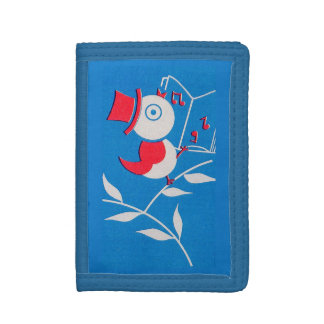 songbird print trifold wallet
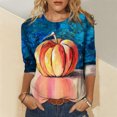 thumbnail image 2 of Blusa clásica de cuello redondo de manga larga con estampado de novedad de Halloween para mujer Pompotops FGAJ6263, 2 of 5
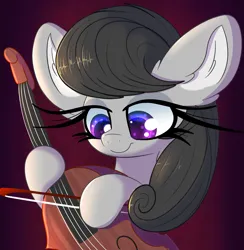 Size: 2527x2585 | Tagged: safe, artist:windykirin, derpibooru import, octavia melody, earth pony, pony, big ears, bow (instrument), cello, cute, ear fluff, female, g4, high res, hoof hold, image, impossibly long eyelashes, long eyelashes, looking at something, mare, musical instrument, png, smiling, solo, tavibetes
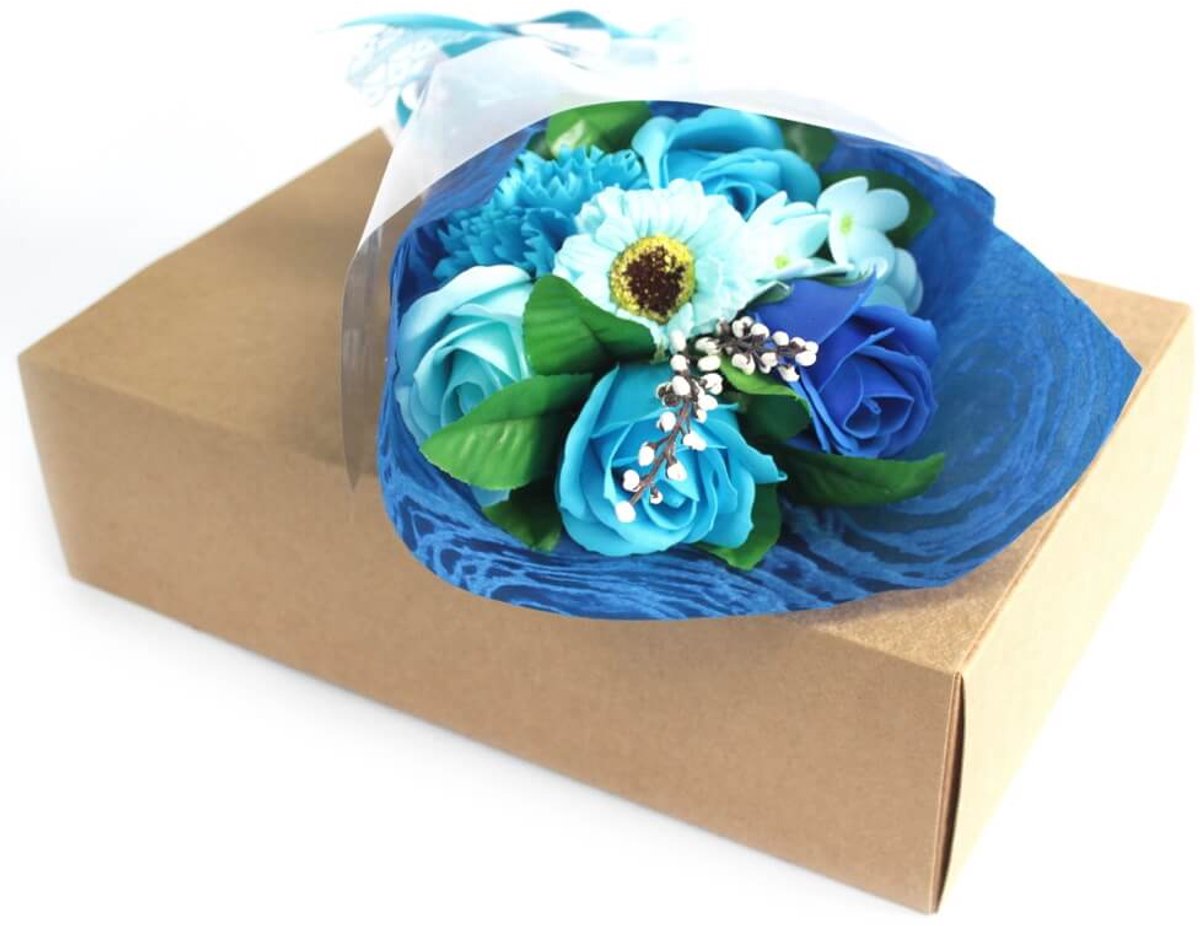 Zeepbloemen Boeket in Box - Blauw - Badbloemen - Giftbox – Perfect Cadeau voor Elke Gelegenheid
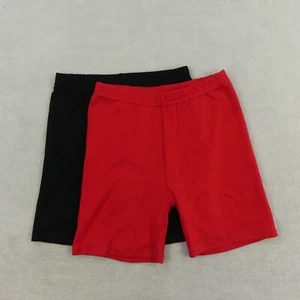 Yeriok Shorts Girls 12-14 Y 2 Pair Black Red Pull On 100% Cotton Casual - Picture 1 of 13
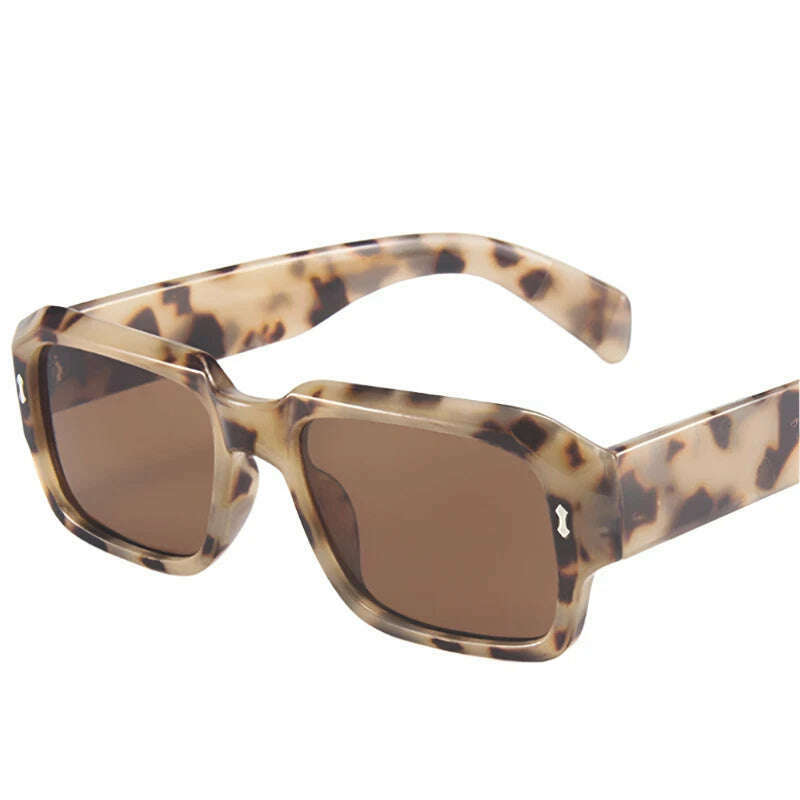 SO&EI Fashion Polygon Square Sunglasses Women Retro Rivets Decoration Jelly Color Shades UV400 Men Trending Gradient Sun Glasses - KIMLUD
^^^^^^^^
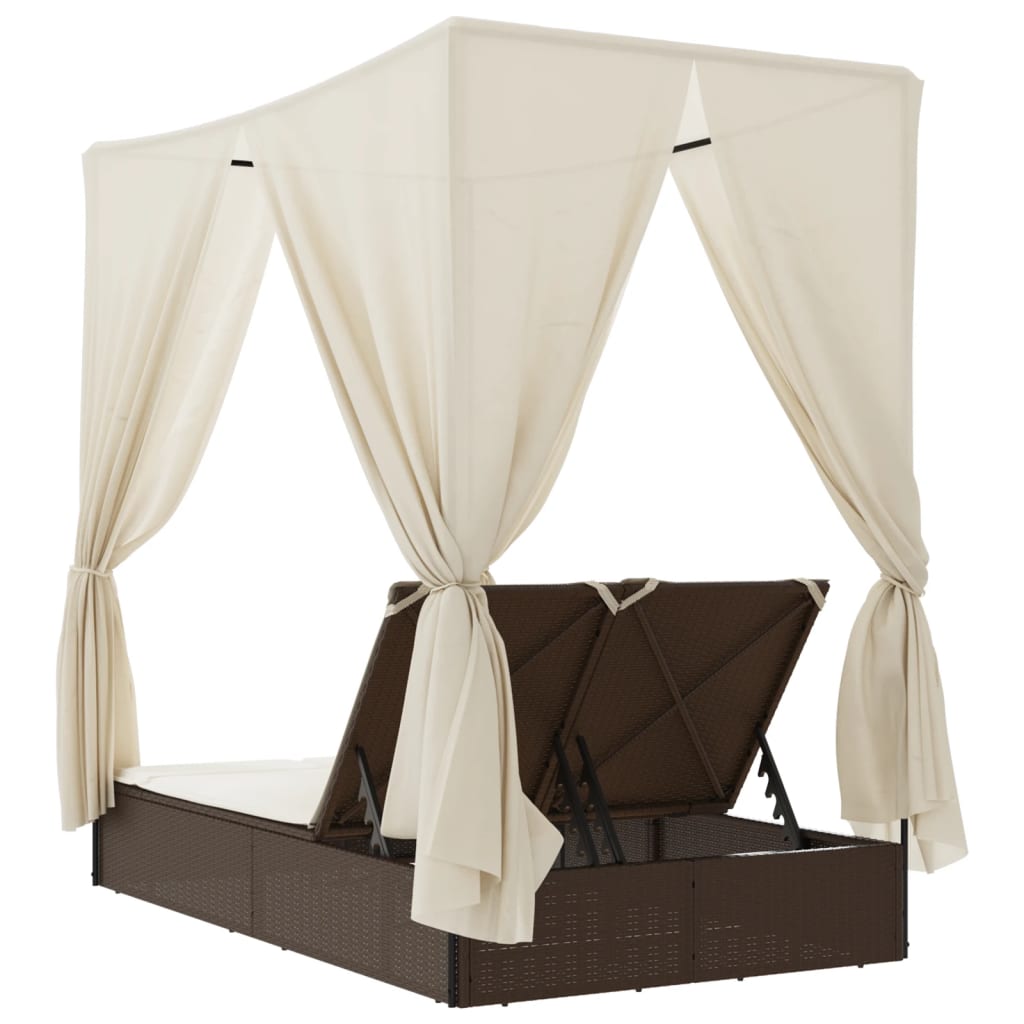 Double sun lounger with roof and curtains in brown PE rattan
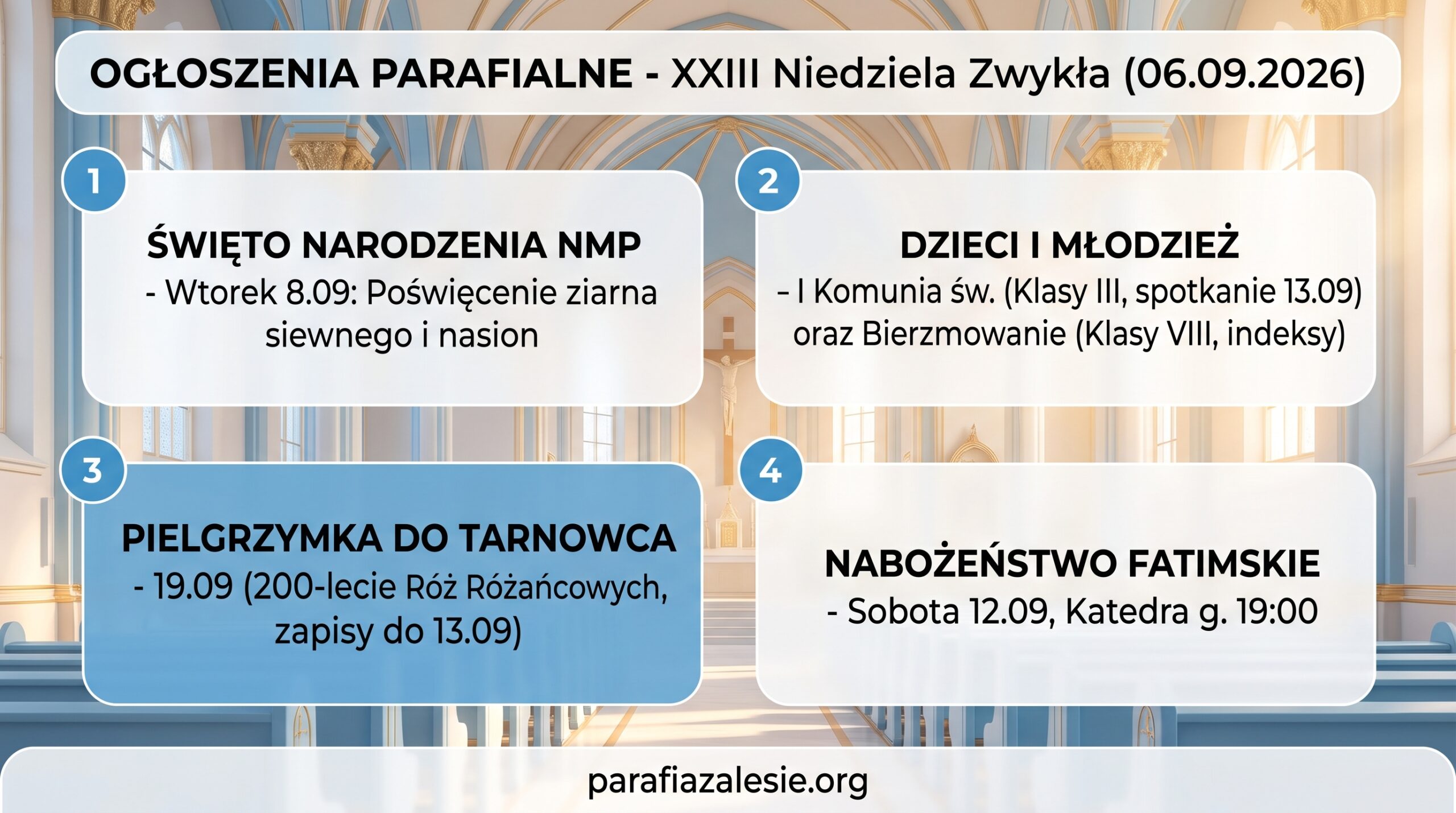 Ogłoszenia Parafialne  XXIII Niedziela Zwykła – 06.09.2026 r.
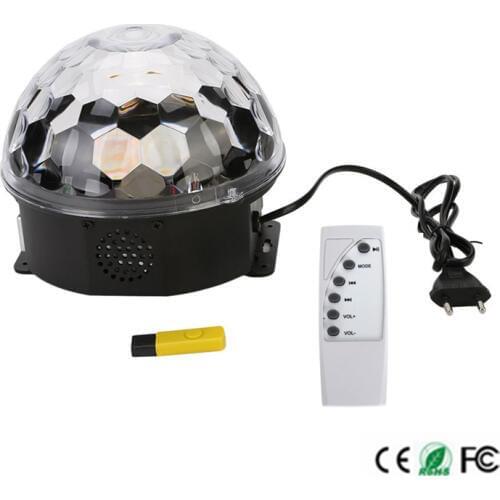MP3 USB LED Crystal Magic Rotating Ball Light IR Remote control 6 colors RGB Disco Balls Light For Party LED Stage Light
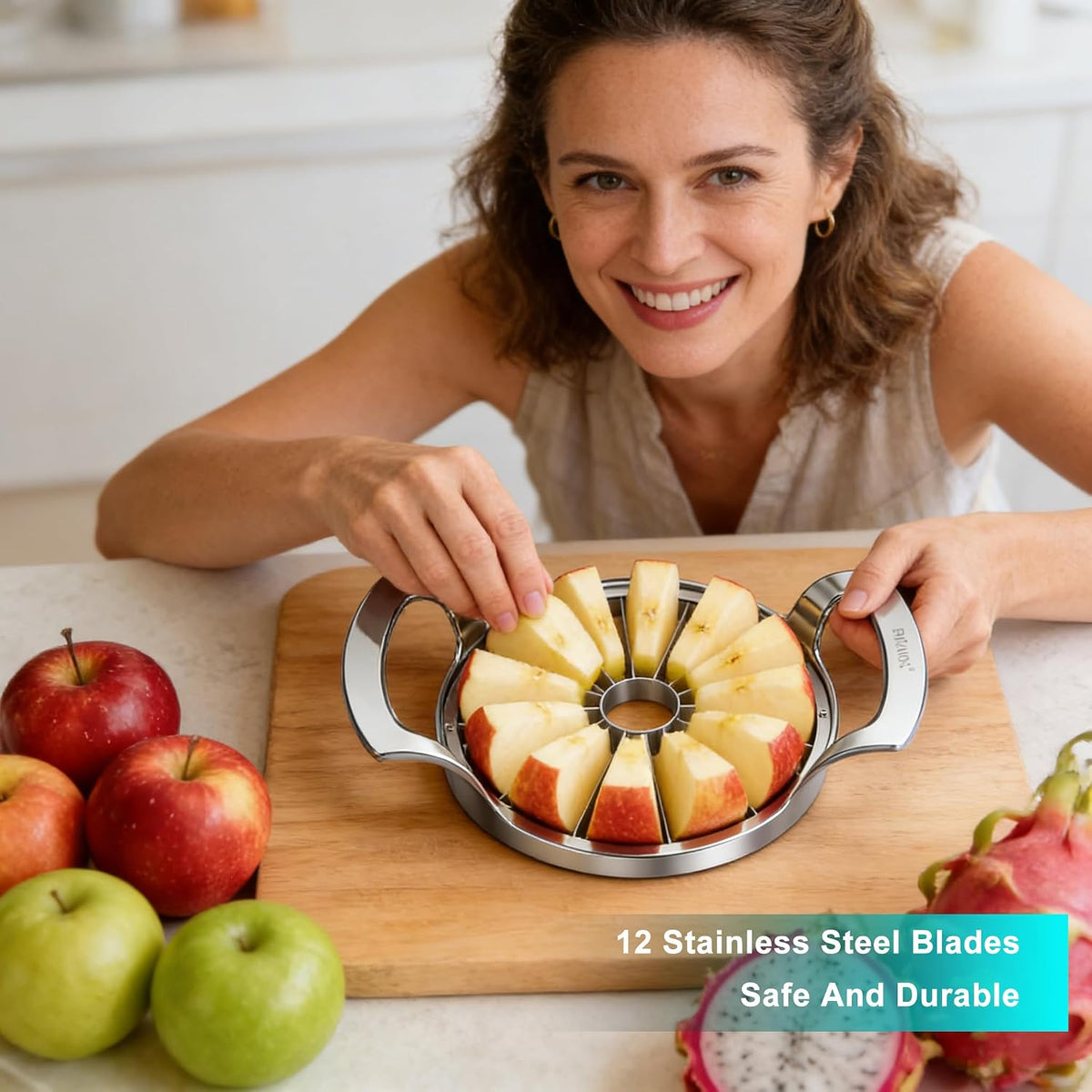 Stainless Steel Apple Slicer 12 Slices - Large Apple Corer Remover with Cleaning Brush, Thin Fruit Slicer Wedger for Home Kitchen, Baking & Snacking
^^^^^^^^
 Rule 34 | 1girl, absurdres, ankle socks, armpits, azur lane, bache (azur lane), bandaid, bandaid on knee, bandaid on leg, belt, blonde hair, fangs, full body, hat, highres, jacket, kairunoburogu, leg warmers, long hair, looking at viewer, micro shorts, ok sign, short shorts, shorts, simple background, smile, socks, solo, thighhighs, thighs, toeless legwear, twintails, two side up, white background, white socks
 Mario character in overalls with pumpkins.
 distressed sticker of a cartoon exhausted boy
^^^^^^^^
• _How to complete this task_
Look above for the line containing "MP3 USB LED" and the line containing "Stainless Steel Apple", then reproduce both and everything between them exactly, pictures omitted.

• _Written solution_
MP3 USB LED Crystal Magic Rotating Ball Light IR Remote control 6 colors RGB Disco Balls Light For Party LED Stage Light
 Stainless Steel Apple Slicer 12 Slices - Large Apple Corer Remover with Cleaning Brush, Thin Fruit Slicer Wedger for Home Kitchen, Baking & Snacking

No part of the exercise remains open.